Many of the nation’s performing arts companies alongside resident company Riverside|National Theatre of Parramatta (NTofP) and international touring productions, have been programmed in the line-up of 20 diverse and entertaining productions for 2017.
“Every great city has a great theatre. As Parramatta grows to take its place as a global city, Riverside Theatres’ 2017 program of sophisticated, diverse and virtuosic performing arts from around the world reflects the city’s vibrancy,” says Program manager for Riverside Theatres, Michelle Kotevski.
The program features contemporary and classic works from major performing arts companies including Melbourne Theatre Company (What Rhymes With Cars and Girls), Sydney Dance Company (Frame of Mind), Queensland Theatre (Grin and Tonic Theatre Troupe’s The 7 Stages of Grieving), Belvoir (Mark Colvin’s Kidney), The Australian Ballet (Giselle) and Sydney Theatre Company (The Wharf Revue).
Kicking off during the Sydney Festival in January, Riverside Theatres will co-present two productions – Hakawati from NTofP and Kaleidoscope from Company 2. Inspired by the ancient Arabic tradition of storytelling and breaking bread, Hakawati will celebrate food, music and the telling of tales; while Kaleidoscope will invite audiences to view life through the eyes of a young man with Asperger Syndrome in a joyous, poetic circus experience.

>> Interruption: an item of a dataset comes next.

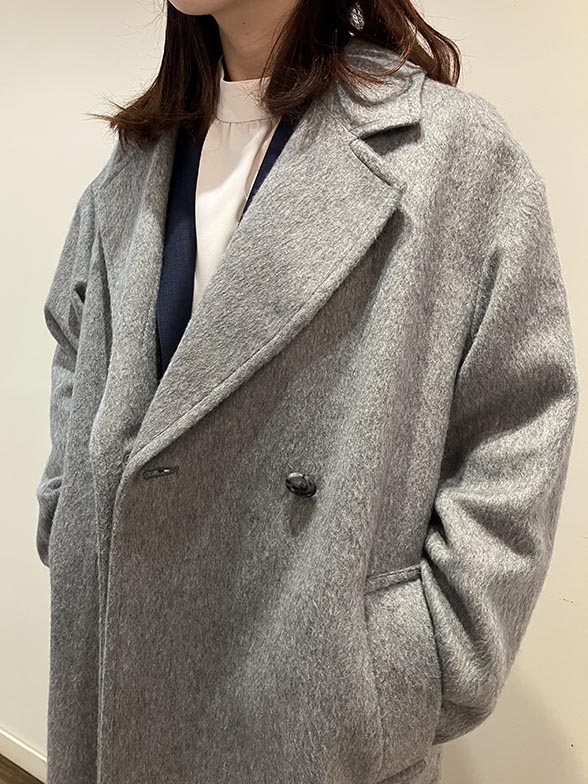 ほどよい抜け感でオンオフ使えるロングチェスター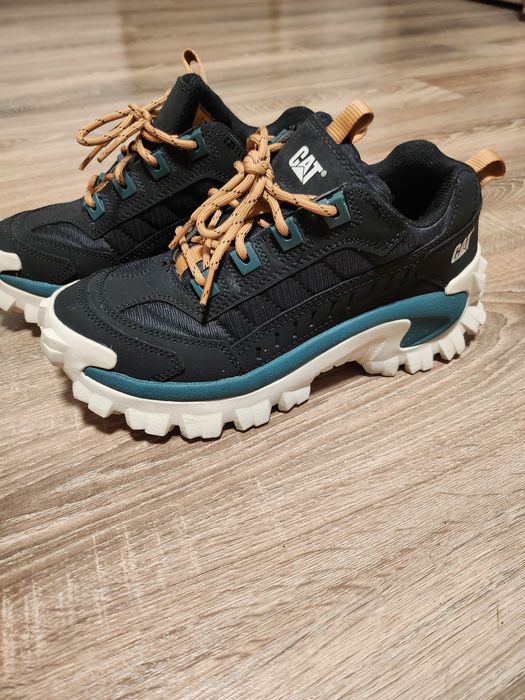 Semighete Caterpillar noi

For the very first time, Riverside welcomes Melbourne Theatre Company for an exclusive Sydney season of the contemporary Australian love story, What Rhymes with Cars and Girls, based on the iconic album of the same name from You Am I frontman Tim Rogers. Performed with a live band led by Rogers, this intimate musical sees two lovers brought together by a conjunction of the stars and a pizza delivery gone weird.
In March, Satu Bulan Theatre Company and Performing Lines will present the Australian-Indonesian play, The Age of Bones by Darwin’s award-winning playwright Sandra Thibodeaux. Set in a magical world under the ocean, this fantastical piece is realised through a combination of shadow puppets, video and music.
Throughout 2017, NTofP will present three world-premieres including David Williams’ Smurf in Wanderland co-produced with Griffin Theatre Company, and two adaptations of Australian literature, The Incredible Here and Now by Parramatta writer Felicity Castagna, and The Red Tree by Shaun Tan and adapted by Hilary Bell.
In June Queensland Theatre and Grin and Tonic Theatre Group present an enduring masterwork of Australian Indigenous theatre, The 7 Stages of Grieving. Penned 20 years ago by today’s Sydney Festival Director, Wesley Enoch along with acclaimed actor Deborah Mailman, this new production stars Western Sydney actor Chenoa Deemal and is described as funny, devastatingly sad, politically relevant and culturally profound.
Making a welcome return to Riverside will be two of Australia’s most celebrated dance companies – Sydney Dance Company with a powerful double bill, Frame of Mind by Artistic Director Rafael Bonachela and Wildebeest by recipient of the prestigious 2016 Tanja Liedtke Fellowship, Gabrielle Nankivell. Plus, the Australian Dance Theatre’s Be Your Self (Redux) choreographed by Artistic Director Garry Stewart explores the fundamental question about ‘self’ using the body as the focus.
Rounding out the stellar program will be two classic stories including a new adaption of the Gothic horror story Dracula from shake & stir Theatre Co; and Katherine Thomson’s Diving for Pearls, produced by Griffin Theatre Company and starring Helpmann Award-winning actor, Ursula Yovich.